Miroslav Picek in period photo
Miroslav Picek in period photo
photo: witness´s archive

Miroslav Picek was born on 28 July 1941 in Benešov near Prague. He was supposed to spend his childhood in his grandparents´ mill in the settlement of Nedvězí but the family was ordered to move out less than a year after his birth. By the order of the Reich Protector Reinhard Heydrich the surroundings of the town of Neveklov, which included the settlement of Nedvězí, became part of a military training area for SS weapons and at the same time it was the first place where the German Nazis attempted to gradually Germanise the Czech nation.
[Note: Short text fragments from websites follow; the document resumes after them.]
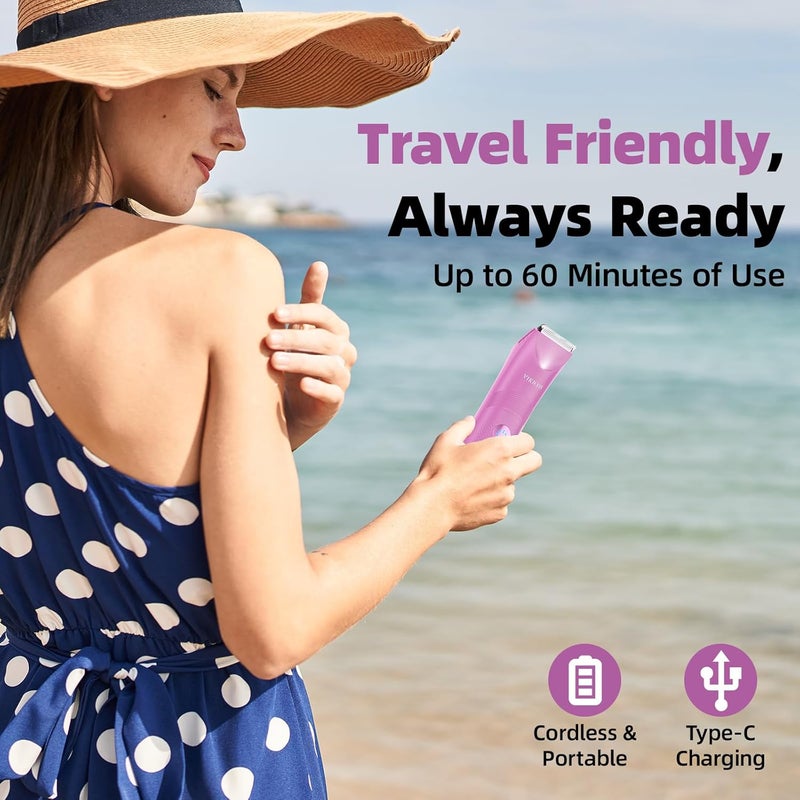 VIKICON Pubic Hair Trimmer Women: Flawless Bikini Trimmer for Women - Waterproof Electric Razor Shaver w/Light for Body Leg Hair Grooming, No Nick Lady's Intimate Shaver - Gifts for Her - Image 4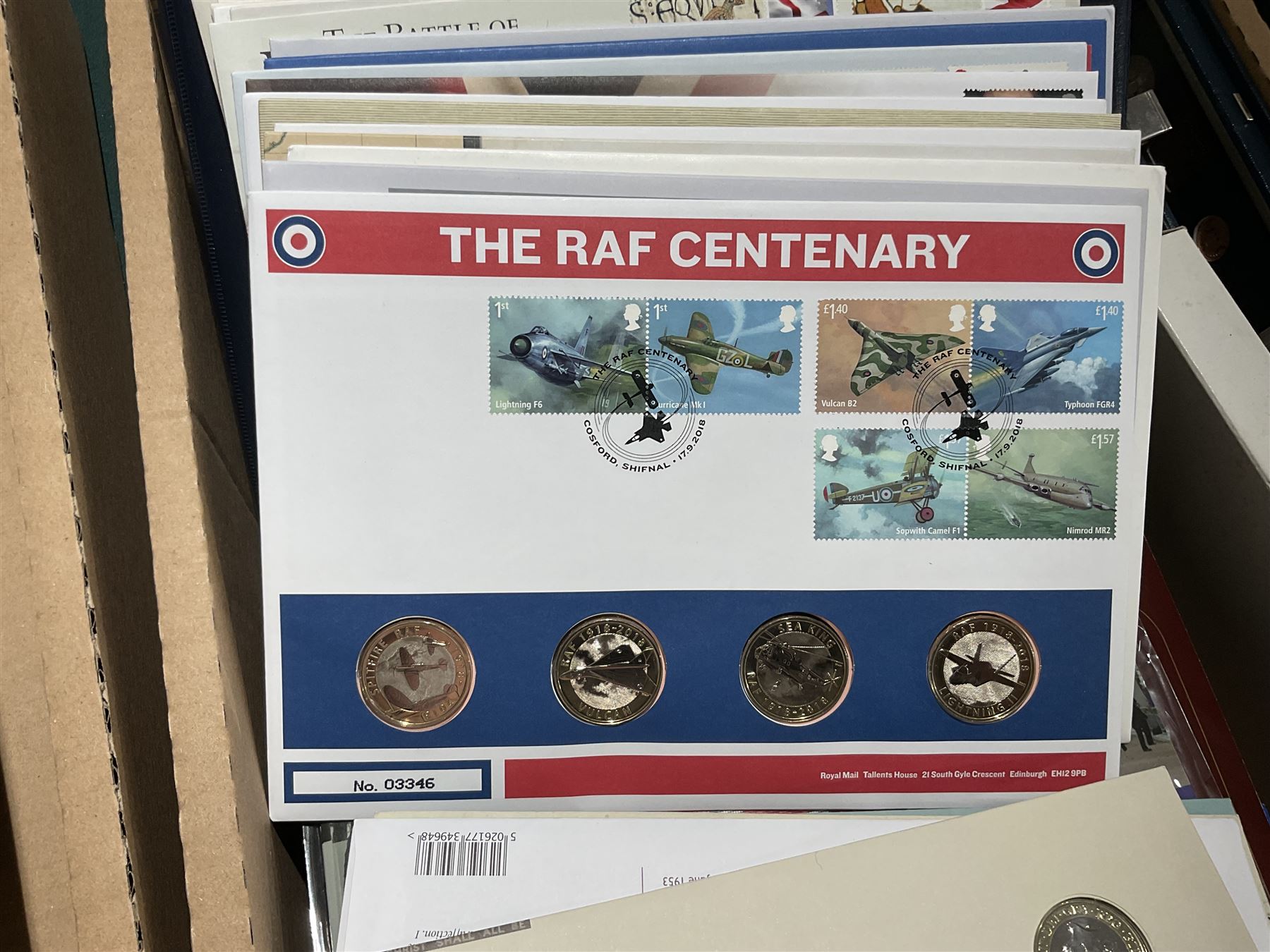 Approximately one hundred and fifteen Royal Mint coin covers, in two ring binder folders and loose, together with approximately 53 grams of Great British pre-1920 and approximately 68 grams of Great British pre-1947 silver threepence coins, and a small quantity of further pre-decimal coins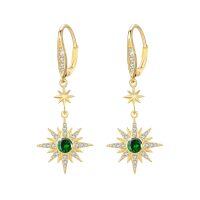 wholesale 925 Sterling Silver Gold-Plated Moonstone & Opal Starburst Leverback Drop Earrings-May (Gold Plated)-May (Gold Plated)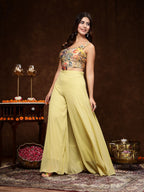 Women's Beige Printed Party Wear Georgette Palazzo & Blouse with Jacket
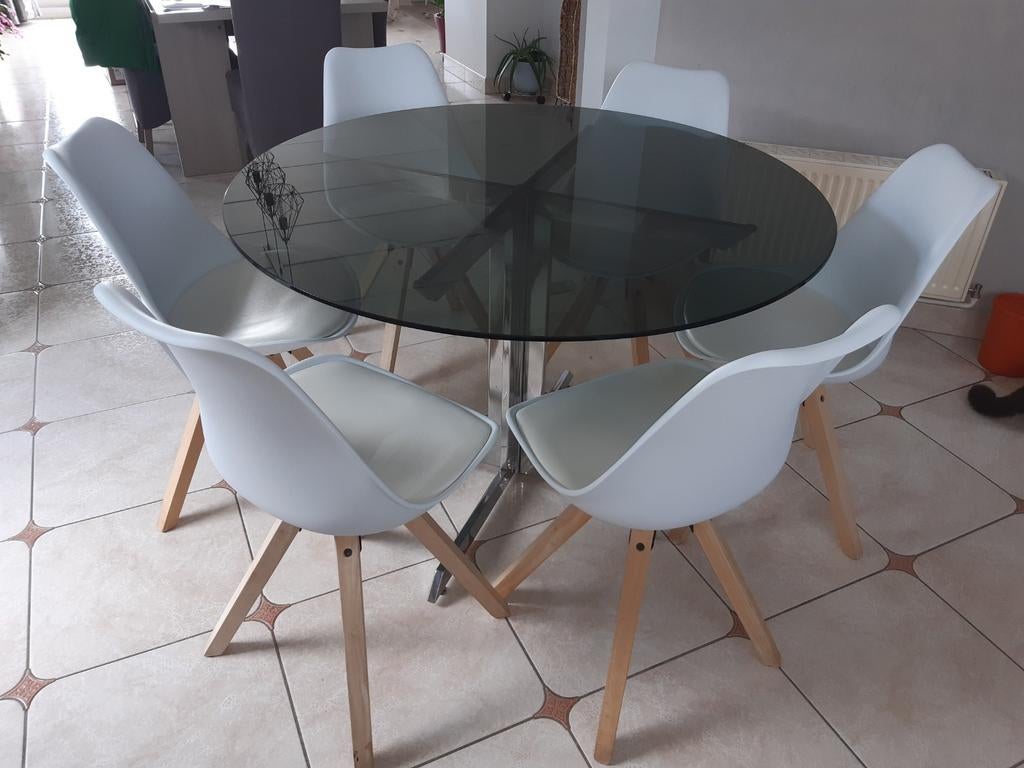 Table ronde en verre, Maison & Meubles, Tables | Tables à manger, Enlèvement, Verre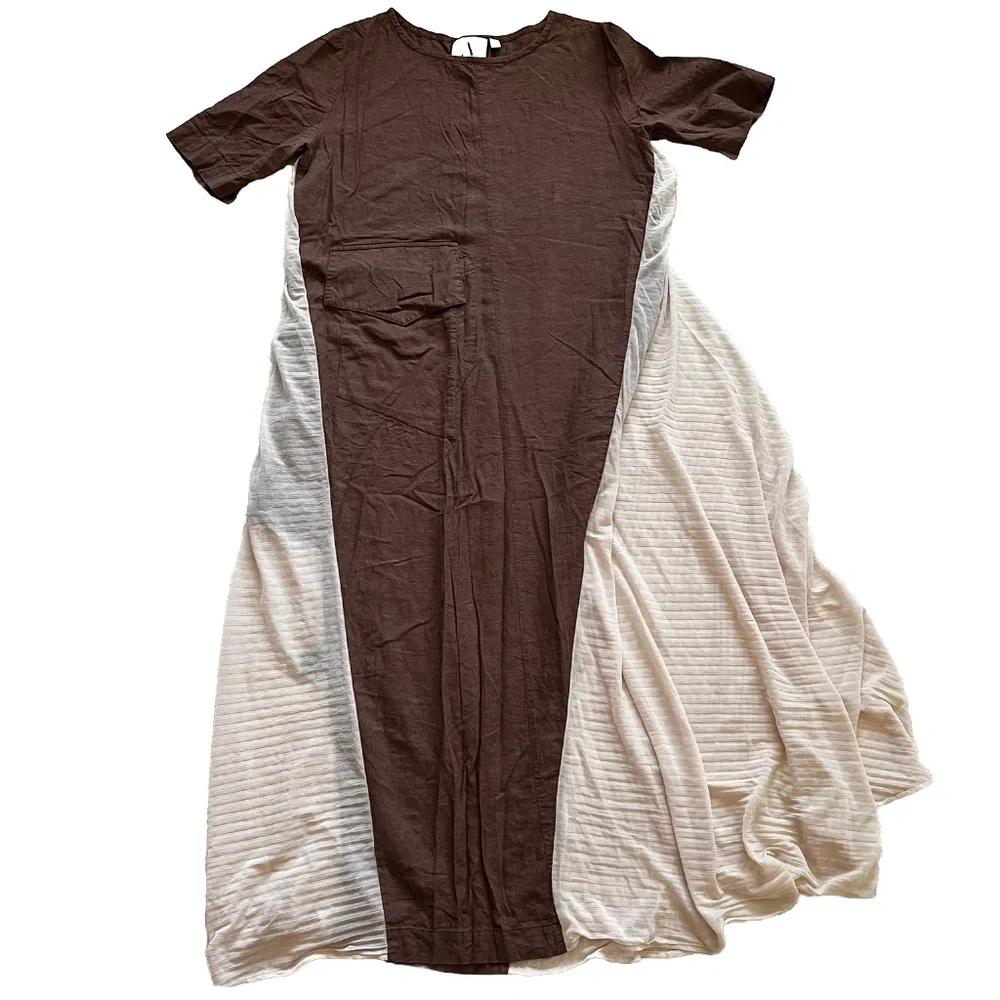 ADEPTT LINEN MAXI DRESS WITH LARGE FRONT POCKETS AND SHEER CHIFFON SIDES MODERN - Picture 3 of 13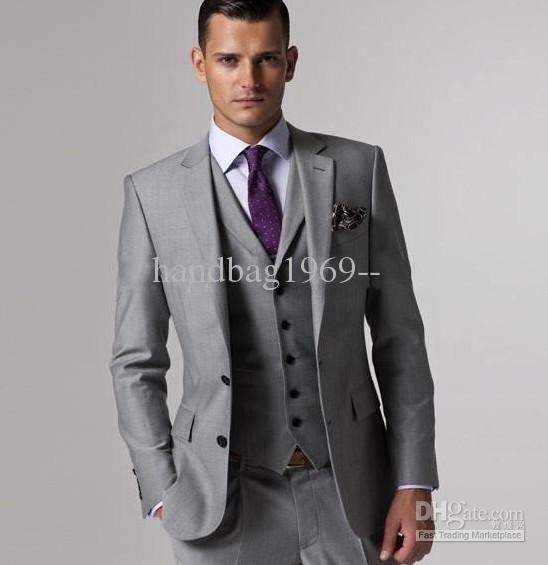 Custom Made Slim Fit Groom Tuxedos Light Grey Side Slit Best Man Suit Wedding Groomsman/Men Suits Bridegroom (Jacket+Pants+Vest+Tie) OK:288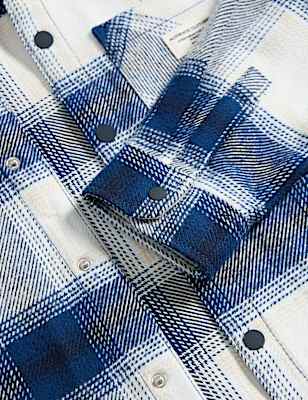 Cotton Rich Checked Hooded Shirt (6-16 Yrs)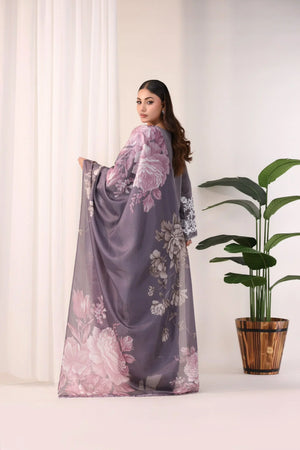 SMOKE 3 Piece Embroidered Ready To Wear - AR-3396-Smoke - ARFARIWAJ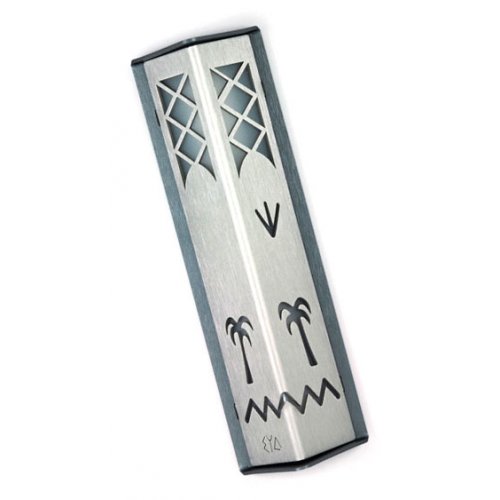 Angular Shiny Silver Aluminum Mezuzah Case - Palm Tree Motif by Shraga Landesman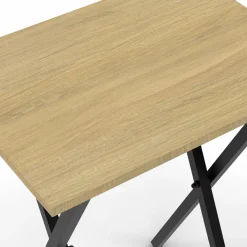 Lot de 2 tables d'appoint pliantes bois et métal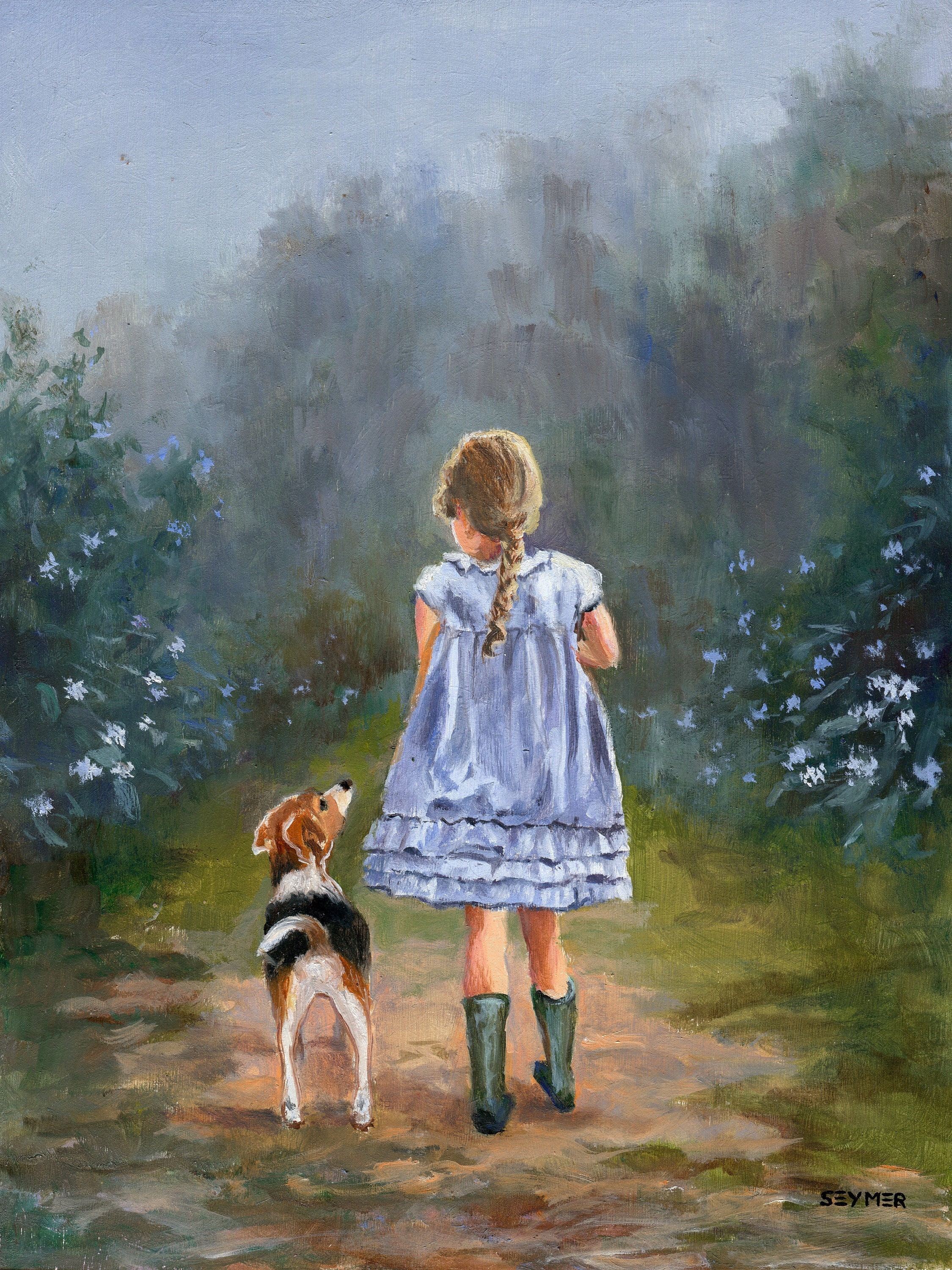 Little Girl ORIGINAL Painting, Wildflowers Girl Oil Painting, Children Room  Decor Artwork, Girl Field Flowers Art, Original Painting Framed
They got an alternative accommodation in a former poultry farm which belonged to a large farm Záhoří in Slapy. Witness´s father František Picek was a teacher and also an officer in the Czechoslovak army and during WWII he participated in actions of a local resistance group. Miroslav Picek remembers many events connected to the war, either by means of his father´s memories or he remembers some events himself. His father was called to serve in the army in 1947 and he was shortly imprisoned in “Domeček” in Hradčany for disobedience of the order at the beginning of the 1950s. During the period of the purges in the army, he was ordered by the then Deputy Minister of Defence Bedřich Reicin to write reports on his subordinates which concerned dozens of officers and non-commissioned officers. He was released probably on the condition of working with the authorities of the Ministry of the Interior which he supposedly refused and voluntarily left the army. His uncle Miroslav Picek, who was labelled as a kulak, was also imprisoned at that time in connection with collectivization of agriculture. Miroslav graduated from Mining Secondary School and in 1959 started to work, initially manually, in the uranium mines in Příbram. He later worked as a technician and he stayed working in the mines until 1974. He later moved to Prague and he worked as a site construction manager until his retirement. He and his wife raised four children, he now lives in Zbraslav.